The options under the Knowledge Base Management section allow you to create and maintain your knowledge bases. When creating a new knowledge base, you have the option to create an empty knowledge base, or to base it on an existing knowledge base, which will prepopulate the new knowledge base with the domains from the original. Knowledge bases can also be created from a DQS file (.dqs extension), allowing you to back up or share knowledge bases across systems.
You’ll perform three main activities when interacting with your knowledge bases through this UI (shown in Figure 5-2). These activities are available after you’ve created a new knowledge base, or have opened an existing one.
Figure 5-2. Knowledge base management activities
When doing Domain Management, you can verify and modify the domains within the knowledge base. This includes changing domain properties (shown in Figure 5-3), configuring online reference data, as well as viewing and modifying rules and values. You also have the option to export the knowledge base or individual domains to a DQS file, as well as import new domains from a DQS file.
Figure 5-3. The Domain Properties tab of the Domain Management activity in the DQS Client
The Matching Policy activity is used to prepare DQS for the data de-duplication process. From this UI, a data steward can create a policy that contains one or more matching rules that DQS will use to determine how rows of data should be compared. DQS Matching functionality is not currently available through SSIS. You can perform this type of work using the DQS Client, and it is also available through the Excel add-in for noun phrases Services.
Knowledge Discovery is a computer-assisted process to build knowledge base information. You supply source data (from a SQL Server table or view, or Excel file), and map the input columns to knowledge base domains. This data will be imported into DQS, and stored as a set of known Domain Values.

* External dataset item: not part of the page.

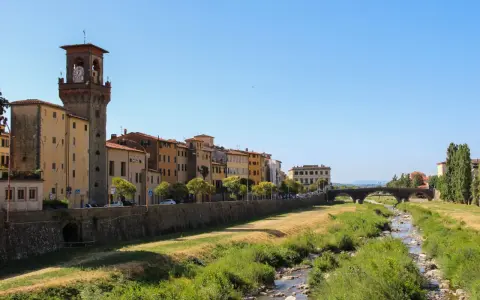 Pescia: cosa vedere? Un fiume serpeggia tra case colorate e un'antica torre con orologio, sotto un cielo azzurro.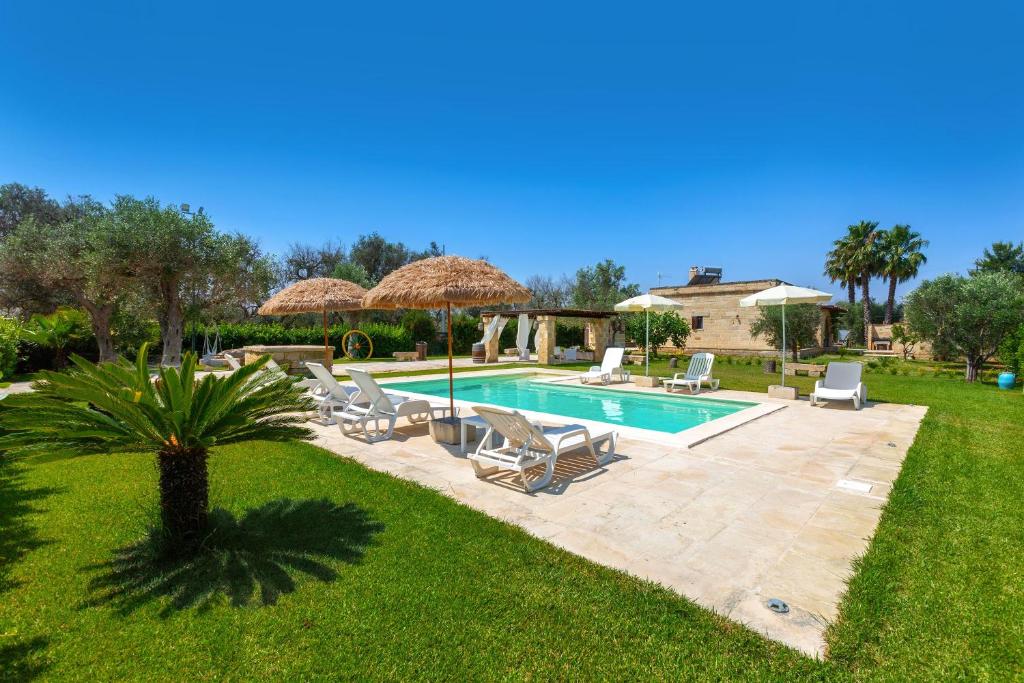 a swimming pool with chairs and umbrellas in a yard at Villa Saracino by Perle di Puglia in Supersano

A data quality project is one where you interactively cleanse or match your data. You’ll select the source of your data (SQL Server or an Excel file, which you can upload through the client), and then map source columns to domains within your knowledge base. Figure 5-4 shows a data quality project that will attempt to cleanse the EnglishCountryRegionName and CountryRegionCode columns against domains from the default DQS knowledge base.

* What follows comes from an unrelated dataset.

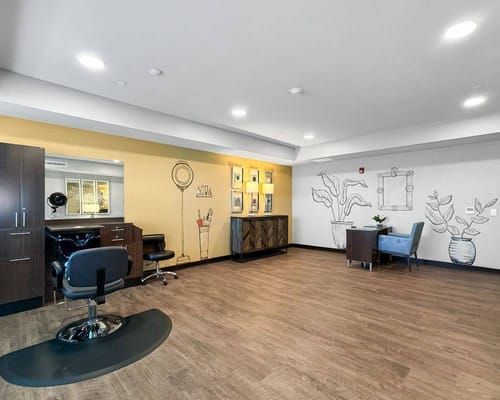 Interior view of a hair salon with styling stations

Figure 5-4. Creating a new data cleansing project
After you’ve mapped your columns to domains, DQS will process your data and provide you with the results of the cleansing operation. When you review the results, you have the option to approve or reject certain corrections, add new values to the list of known domain values, and specify correction rules. For example, as the data steward for your organization, you know that “Jack Ryan” and “John Ryan” is the same person. After approving the corrections, you can export the results to a SQL Server table, Excel file, or CSV file. DQS does not give you the option to correct the value in-place – you will need a separate process to update the original source data you examined.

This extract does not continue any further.